Marquez had spotted police, seemed “agitated” and began making comments to them about not going back to jail and “going out with a bang,” Schultz said.

Marquez was holding a bag and refused to put it down, he said.

A crisis negotiation team was called in, but Marquez continued to disobey police commands, the chief said.

Negotiators tried to reason with Marquez for about 15 minutes. In the meantime, the department’s SWAT team had arrived on scene.

“He was basically going to go out with a bang or worse,” Schultz said.

Police suspected Marquez had a long gun or rifle in his bag because of its shape and the way he held it, Schultz said. Schultz said Marquez had his hand in the bag and was cradling it.

Officers felt vulnerable because they were in an open field with nothing to use for cover. In addition, there were civilians outside in the surrounding area, Schultz said.

Officers heard Marquez cycle the weapon. Schultz said AK-47s make a very distinct sound when cycled.

That’s when a SWAT sniper fired his rifle at Marquez at least twice, although police still are not sure how many shots were fired.
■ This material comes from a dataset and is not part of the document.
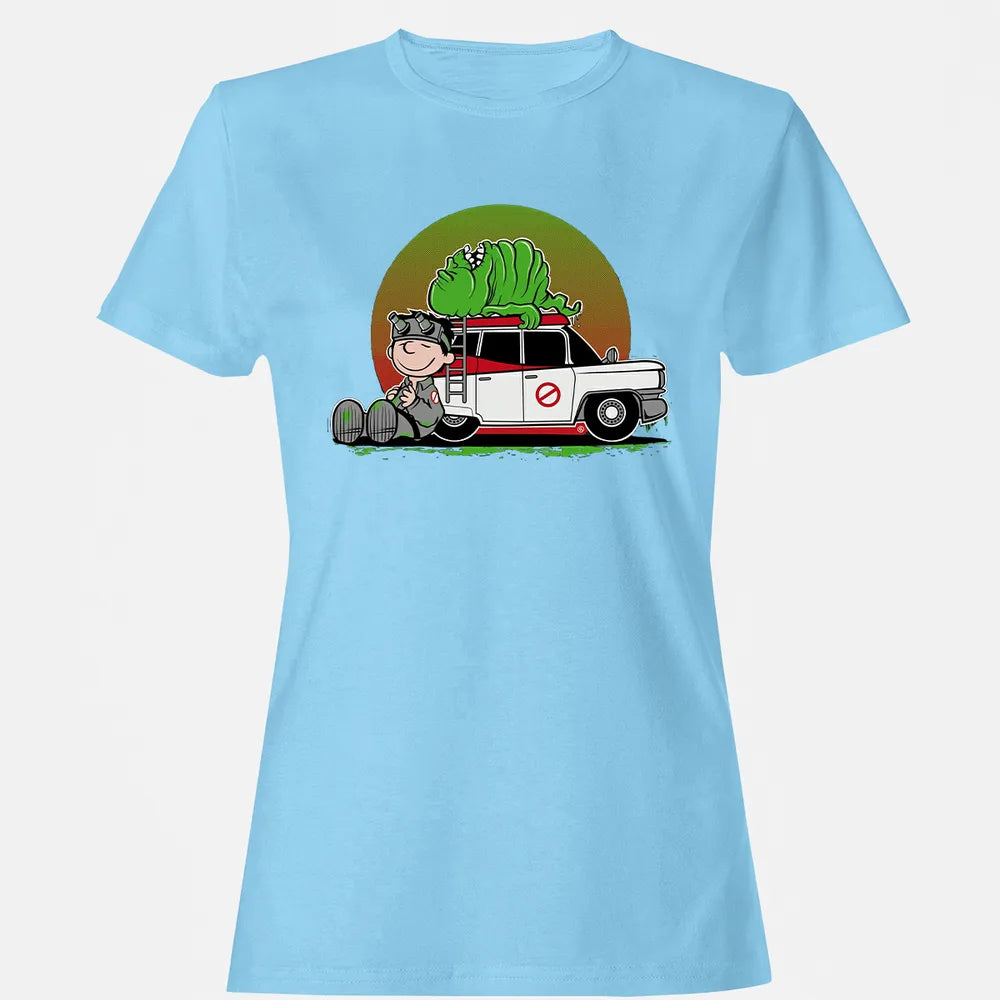 Women's T-shirt - UHQ75WX1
Marquez died at the scene.

Online court records show Marquez had an extensive criminal history.

In 1999, he pleaded guilty to rape and false imprisonment and was sentenced to four years, with credit for time served. Three years later, he was charged for failing to register as a sex offender, although that charge was dropped.

Marquez also pleaded guilty to possessing a firearm in 2004. Court records show he violated his probation on several occasions.

Marquez got himself in trouble again in July 2006, when he was arrested for possession of drugs, and in 2008 for aggravated fleeing of police and car theft. Those cases were combined, and Marquez eventually pleaded guilty to all counts. He was sentenced to three years in prison, court records show.

Most recently, Marquez had been featured on Crime Stoppers for his suspected role in the armed robberies of two businesses and one person. One was on July 28 at a hotel, police said.

In the confrontation with police Tuesday, Marquez made comments about not going back to prison. Schultz said that the safety of officers and the public was jeopardized.

“Obviously no officer wants to find themselves in a situation where they have to use force,” Schultz said.

“Unfortunately, he dictated the series of actions,” he said.

Albuquerque police have been heavily scrutinized since a spike in officer shootings began last year.

There have been 20 APD shootings since January 2010, 14 of them fatal.

The department has faced citizen protests and could be investigated by the U.S. Department of Justice for possible civil rights violations. The Department of Justice is reviewing information to determine whether it will start an investigation.

A review ordered by Mayor Richard Berry last year recommended changes in training and procedures, most of which have been adopted by the department.

Schultz and other department leaders have maintained that officers have resorted to lethal force in situations where there were no other options, and that police increasingly encounter violent people.